Raoul Wallenberg aurait eu 113 ans ce 4 août et le mystère autour de la disparition de ce Juste parmi les Nations reste entier.
Issu d’une famille suédoise protestante aisée et influente, active dans la banque, la diplomatie et l’industrie, Wallenberg fut élevé par son grand-père maternel après la mort prématurée de son père. Humaniste convaincu, il fut confronté très tôt à la souffrance des réfugiés juifs lors de ses missions professionnelles, notamment en Afrique du Sud, à Haïfa et en Europe occupée.
En 1944, après que l’Allemagne nazie envahit la Hongrie, la situation des Juifs hongrois se détériora brutalement : en quelques semaines, 400.000 d’entre eux furent déportés à Auschwitz. Face à l’urgence, les États-Unis et la Suède mirent sur pied une mission spéciale de sauvetage. À la demande du diplomate suédois Per Anger et du financier juif Koloman Lauer, Raoul Wallenberg fut nommé à la tête de cette mission.
Avant son départ, il exigea des pouvoirs étendus : statut diplomatique officiel, budget conséquent, autorisation d’utiliser les infrastructures suédoises pour protéger les Juifs, et même le droit de verser des pots-de-vin. Ces demandes furent exceptionnellement approuvées au plus haut niveau du gouvernement suédois, avec l’accord du roi.
Wallenberg arriva à Budapest le 9 juillet 1944, alors qu’il ne restait plus que 200.000 Juifs dans la ville. Il mit rapidement en place un système ingénieux de « passeports de protection » suédois, des documents à l’apparence officielle qui permirent de sauver directement au moins 20.000 personnes – et indirectement jusqu’à 100.000.
Il ouvrit environ 30 maisons protégées arborant le drapeau suédois, négocia personnellement avec les autorités nazies et hongroises, affronta même Adolf Eichmann, usa de menaces, de pots-de-vin et de manœuvres audacieuses pour arracher les victimes aux convois de la mort.
Le 17 janvier 1945, juste après la libération de Budapest par l’Armée rouge, Wallenberg fut arrêté par les Soviétiques avec son chauffeur, alors qu’il tentait de contacter les nouvelles autorités.
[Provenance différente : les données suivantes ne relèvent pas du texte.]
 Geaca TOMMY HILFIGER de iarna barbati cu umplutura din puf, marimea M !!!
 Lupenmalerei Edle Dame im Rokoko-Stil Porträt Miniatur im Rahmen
Il fut transféré à Moscou, incarcéré à la prison de Lubyanka, puis à Lefortovo – et, selon certains témoignages, probablement envoyé dans un goulag en Sibérie.
Pendant des années, sa famille et les gouvernements occidentaux cherchèrent à obtenir des informations. Ce n’est qu’en 1957 que l’URSS publia un document affirmant qu’il était mort le 17 juillet 1947 d’une crise cardiaque. Mais d’anciens codétenus rapportèrent l’avoir vu vivant bien après cette date.
Après l’effondrement de l’URSS, la Suède et la Russie créèrent une commission d’enquête conjointe. En 2001, elles publièrent deux rapports divergents : les Suédois déclarèrent que le sort de Wallenberg restait inconnu, tandis que les Russes maintinrent qu’il était mort en 1947 – sans preuve définitive.
En 2016, un journal d’un ancien chef du KGB révéla que Wallenberg aurait été exécuté sur ordre direct de Staline, pour en avoir trop su sur les relations secrètes entre l’URSS et des nazis réfugiés en Amérique du Sud. La Russie n’a jamais confirmé cette thèse.
Raoul Wallenberg est reconnu comme « Juste parmi les Nations » par Yad Vashem. Des rues, monuments, écoles et places portent son nom en Israël et dans des dizaines de pays. Il est citoyen d’honneur d’Israël, des États-Unis, du Canada et de plusieurs autres pays.
Mais derrière les hommages demeure une douleur non résolue : qu’est-il devenu ? Pourquoi l’avoir fait disparaître ? Et surtout – pourquoi le silence perdure-t-il ? En 1979, sa mère et son beau-père, rongés par l’incertitude, mirent fin à leurs jours à deux jours d’intervalle.
Wallenberg n’était ni soldat, ni espion, ni chef d’État. Il était un homme ordinaire, animé d’une foi inébranlable en la dignité humaine. Il a prouvé que l’on n’a pas besoin d’armes pour être un héros. En pleine guerre, au cœur de la Shoah, il a choisi d’agir. Il a sauvé des vies, défié les bourreaux, et payé le prix ultime.